Tibet is a region where spirituality and the physical landscape are inextricably entwined. Monks at prayer (or engaged in lively debate over Buddhist sutras!) crowd around ancient monasteries on picturesque hillsides. Remote religious retreats offer solitude and tranquillity by the shores of azure Himalayan lakes. Devout pilgrims make their daily kora circuits around temples where the air is thick with incense. The world’s tallest mountains form a heart-pounding backdrop. There's no doubt about it - Tibet will stir your soul.
Obviously there's a lot more, this is just to get you started...
Qomolangma, the Chinese name for Mount Everest, translates as 'Goddess Mother of the World'. Seeing her up close, you soon understand why people are moved to such superlatives. Climbing Everest is an incredible feat of endurance and peril, and one that has proved irresistible to many explorers and climbers. When asked why he wanted to reach the summit, the famous English mountaineer George Mallory offered the legendary reply: 'because it’s there'. Despite huge growth in visitor numbers over recent years, the Mount Everest National Park remains almost completely undeveloped. There are very few man-made structures besides the small roadside town of Shegar, also known as New Tingri, from where you can trek to base camp. It remains one of the world’s true wildernesses.
Lhasa, Tibet’s spiritual and political capital, is a city of contrasts. As one of the world’s highest altitude cities, it has a ready-made air of otherworldliness. The western side, with its concrete shopping malls and glass-fronted high-rise buildings, displays the unmistakable stamp of modernisation and Chinese influence. However, the east of the city still retains an old-world Tibetan charm; its winding alleyways are lined with rickety, whitewashed houses and lamp-lit temples full of prostrating pilgrims.

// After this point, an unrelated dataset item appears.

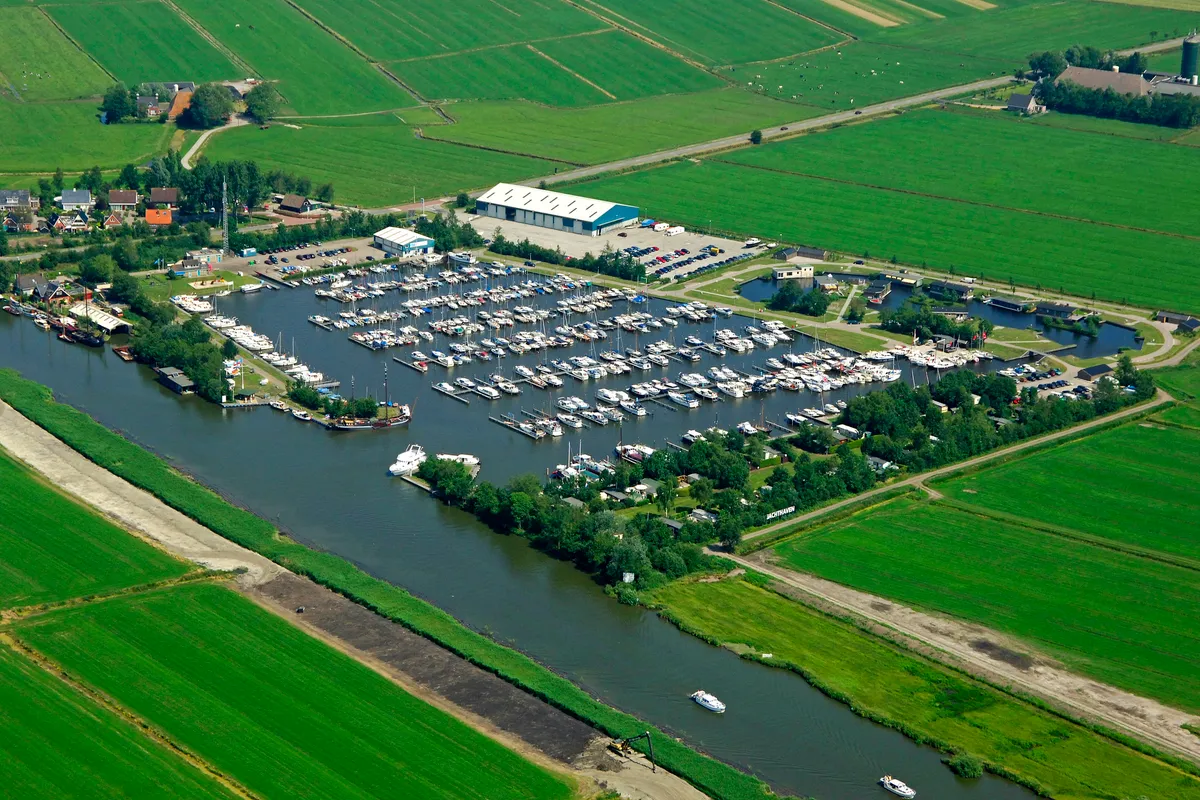 Fuel Dock - Photo 1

Rise early and join the locals on their daily kora (pilgrim circuit) around Jokhang Temple, gaze up at the magnificent Potala Palace, and wander through the city’s labyrinth of backstreets for a true sense of life in Lhasa.
Visitors to Tibet who pull on their walking boots, particularly between spring and autumn, are rewarded with some truly epic experiences. The hike from Rombuk Monastery to Everest base camp is a popular short route, and there are also scenic trails around the sacred Mount Kailash - a renowned pilgrimage location - and the beautiful Holy Lakes of Namtso and Yamdrok. One of Tibet’s most well-known kora pilgrimage routes takes you around Lhasa’s magnificent Jokhang Temple and through the electric atmosphere of the surrounding Barkhor neighbourhood. Pilgrims begin arriving at dawn and a steady stream of movement continues throughout the day. Traditional Tibetan homes and stalls are rapidly disappearing, changing the face of the Barkhor, but for many travellers this remains a highlight.
Trekking across the ‘roof of the world’ in Tibet, at an average elevation of 4,500m, is and adventure hard to beat. It’s not the easiest destination to get to, but the unparalleled rush of standing in one of Earth’s rawest landscapes is like nothing else.